▸ Data for analysis:
= = = =

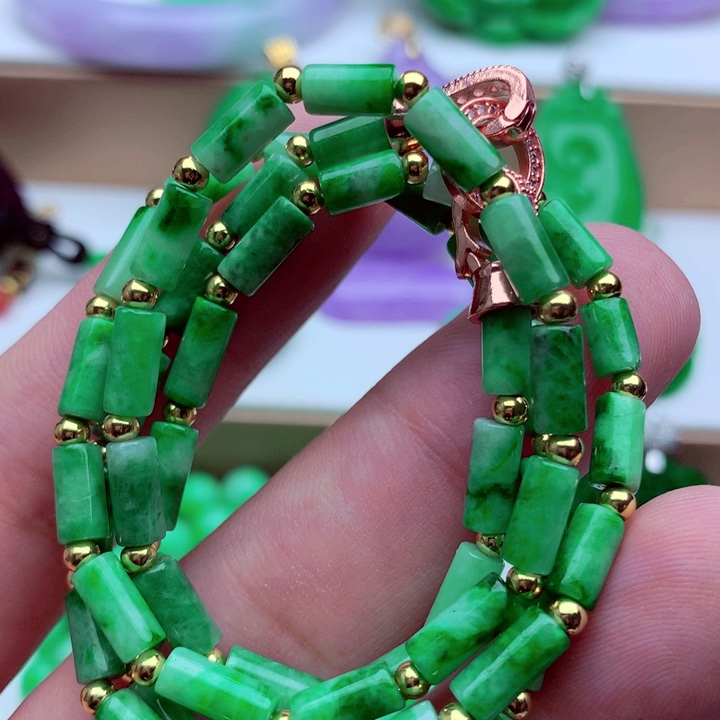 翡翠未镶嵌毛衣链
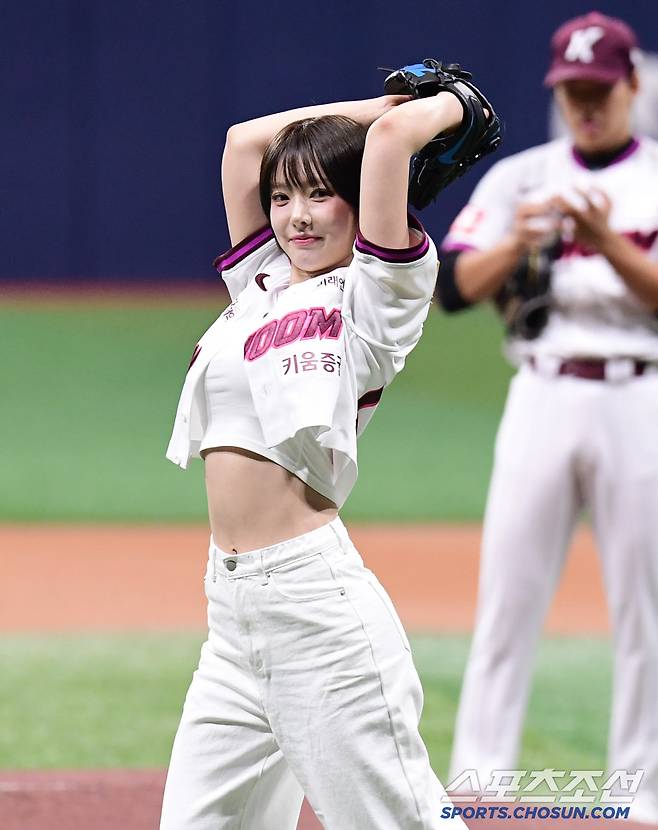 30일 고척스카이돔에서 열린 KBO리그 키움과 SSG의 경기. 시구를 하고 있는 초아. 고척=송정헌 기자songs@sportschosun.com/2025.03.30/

= = = =

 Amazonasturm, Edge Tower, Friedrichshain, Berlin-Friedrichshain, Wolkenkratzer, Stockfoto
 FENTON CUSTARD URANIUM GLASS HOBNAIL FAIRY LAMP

= = = =

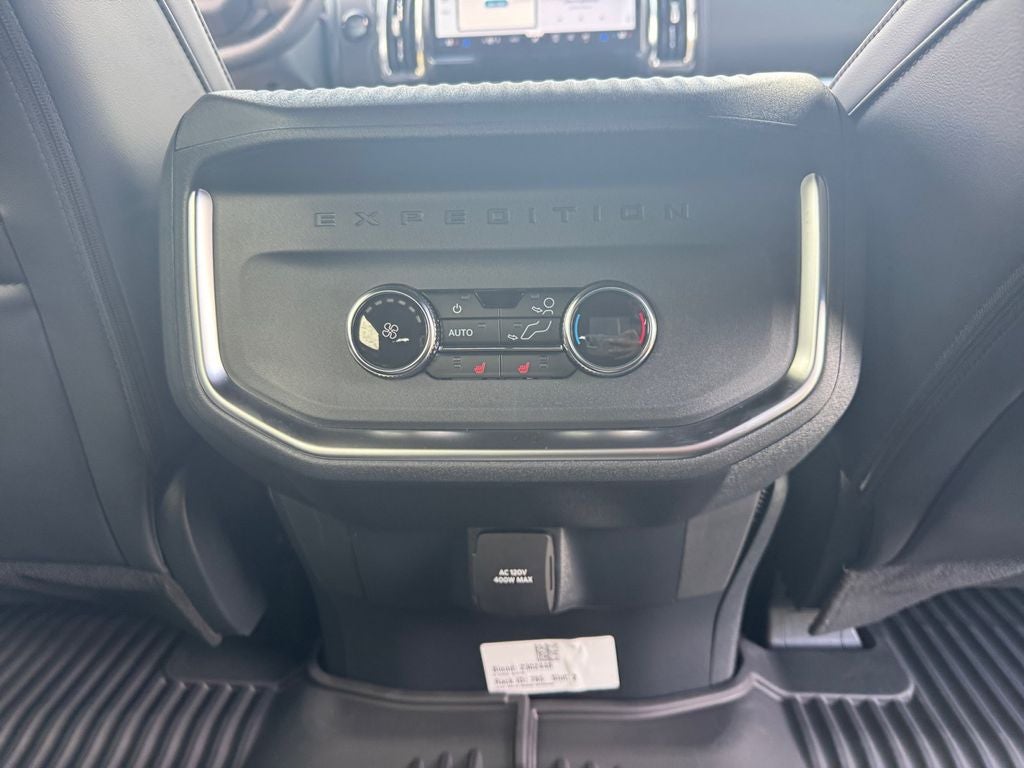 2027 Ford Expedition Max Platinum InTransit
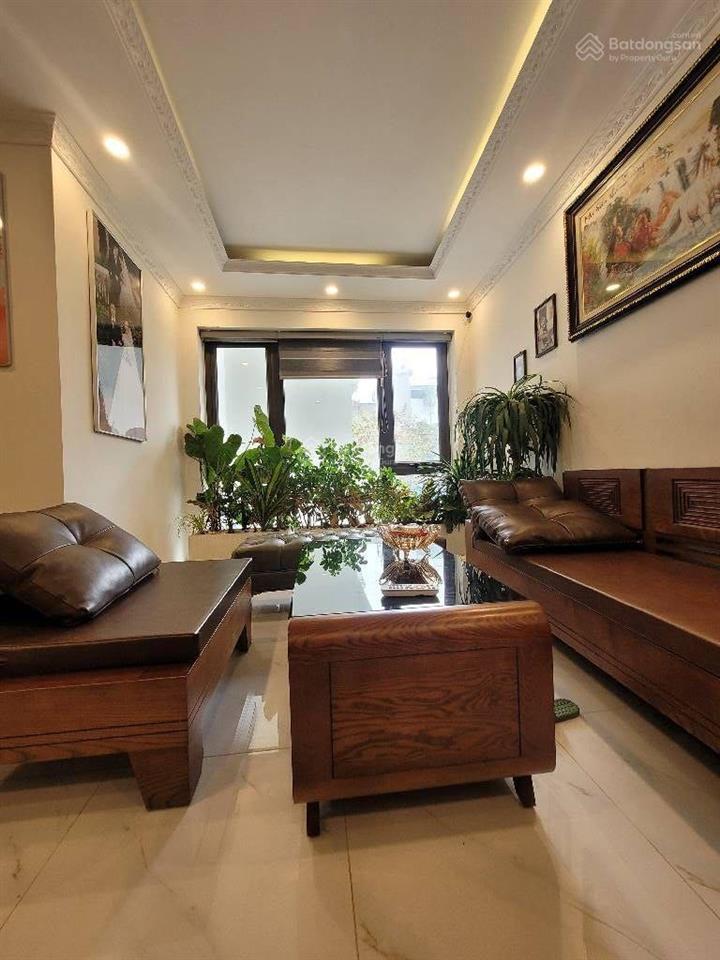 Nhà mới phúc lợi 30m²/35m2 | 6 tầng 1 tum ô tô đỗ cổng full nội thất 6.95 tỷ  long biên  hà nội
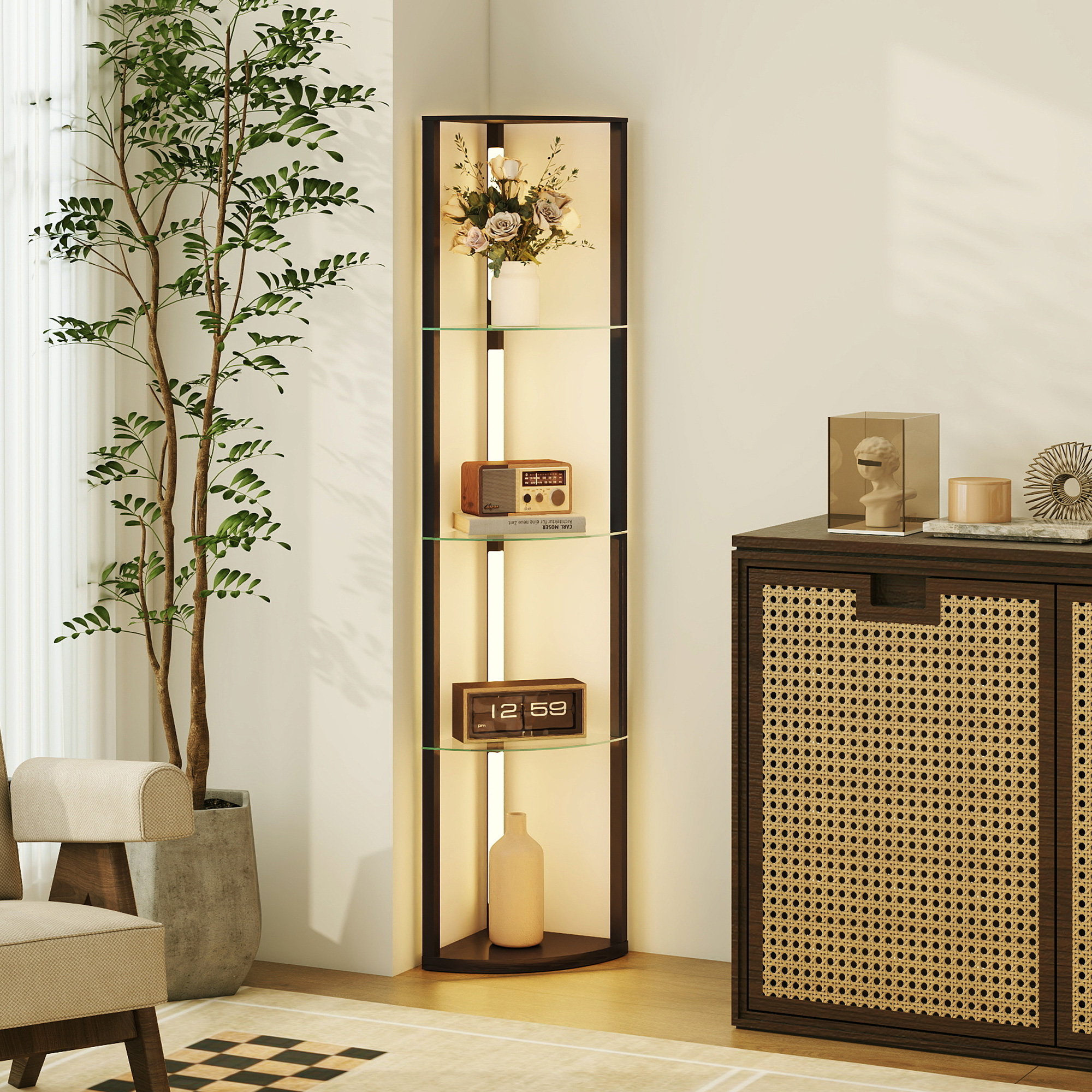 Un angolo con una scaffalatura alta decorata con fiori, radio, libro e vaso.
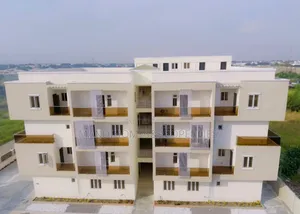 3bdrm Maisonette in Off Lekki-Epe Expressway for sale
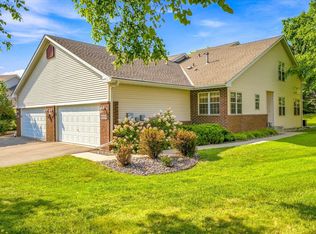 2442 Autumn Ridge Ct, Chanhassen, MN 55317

= = = =

▸ Problem description: Leaving out the pictures, please output the lines in the entries above from the one with "2027 Ford Expedition Max Platinum InTransit" through the one with "2442 Autumn Ridge Ct, Chanhassen, MN 55317", exactly as they are.

▸ Answer:
 2027 Ford Expedition Max Platinum InTransit
 Nhà mới phúc lợi 30m²/35m2 | 6 tầng 1 tum ô tô đỗ cổng full nội thất 6.95 tỷ  long biên  hà nội
 Un angolo con una scaffalatura alta decorata con fiori, radio, libro e vaso.
 3bdrm Maisonette in Off Lekki-Epe Expressway for sale
 2442 Autumn Ridge Ct, Chanhassen, MN 55317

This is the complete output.